A world-wide economic recession lasting one to two years is the most optimistic outlook.
And how do the masters of franchising, globalization, and supply efficiencies respond?
They not only identify those they’ve identified to be least able to resist (ie. the poor) but increase prices to those communities.
Some could be consider this a blatant opportunistic predatory pricing scheme by a brand bully.
McDONALD’S is lifting prices in poorer suburbs where it believes consumers are more likely to accept higher charges without complaint.
Costs were previously based on restaurant overheads and ingredient prices.
But the multi-national fast-food chain is using socio-economic factors to determine charges under a new “demand-based pricing” scheme.
I love Australian franchisees because you know where you stand:
A McDonald’s franchisee, who asked to remain anonymous, said the biggest price rises were concentrated in low-income areas.

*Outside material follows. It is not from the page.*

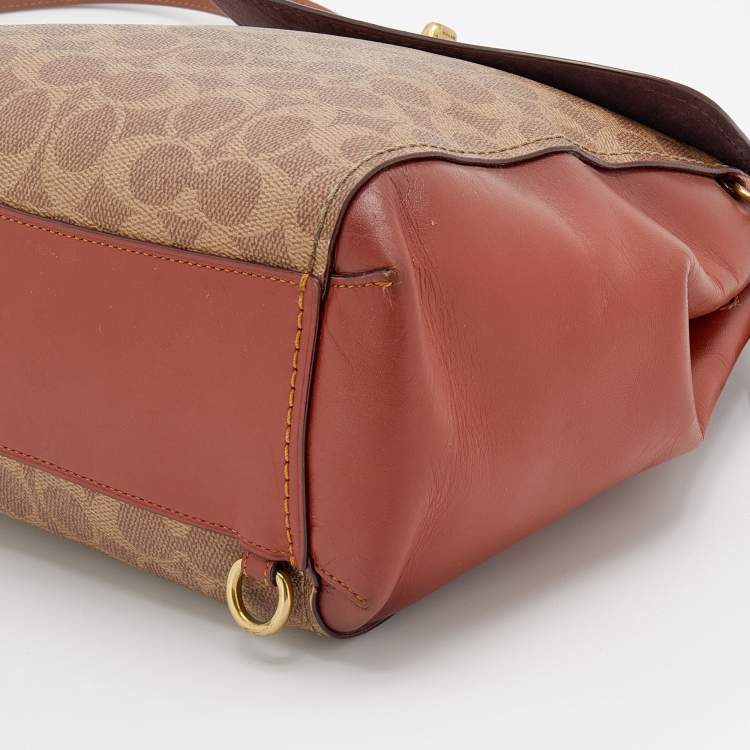 Pre Owned Coach Beige/Brown Signature Coated Canvas and Leather Parker Backpack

“In general, the poorer suburbs will pay more,” the franchisee said.
An accompanying television clip (see McDonald’s rip-off) says that McHappy meals will increase by 16.5%.

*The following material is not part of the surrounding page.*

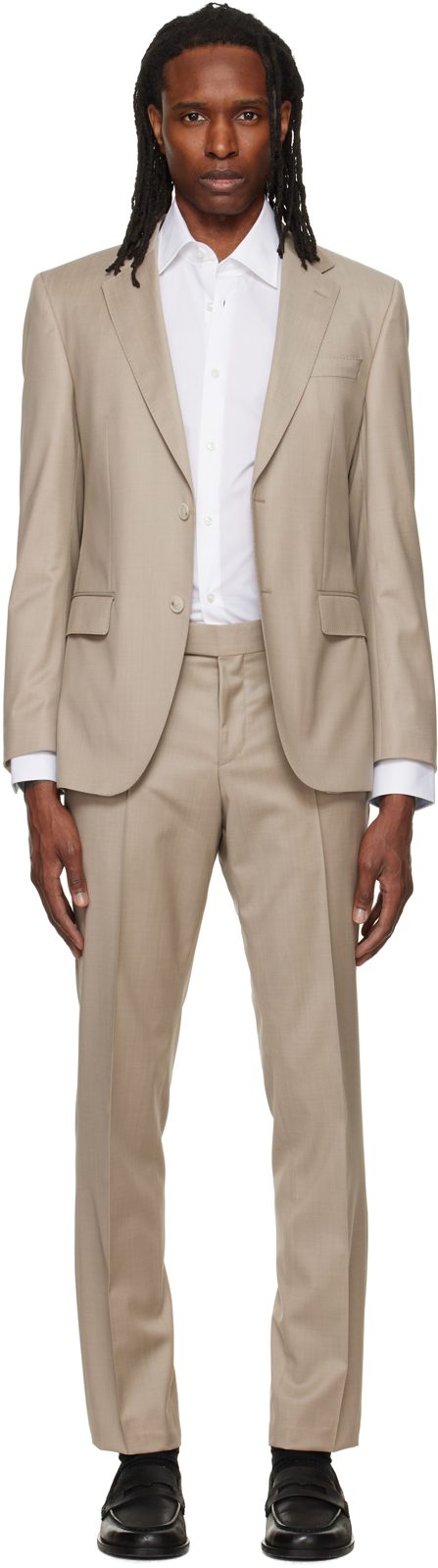 Beige Single-Breasted Suit 262085M196004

And how is this affecting McDonald’s USA where the profits eventually go? Here’s a sample of headlines about Oakbrook’s 2008 results:
- McDonald’s posts sizzling 80% profit rise in 2008
- McDonald’s Profit Beats Estimates; U.S. Sales Decline
- McDonald’s Profit Rises Over Expectations; Plans To Open 1,000 More Stores
I wonder what role “socio-economic factors” and “demand-based pricing schemes” have played in differential within North American communities?
In Canada, 1 in 5 children live in poverty.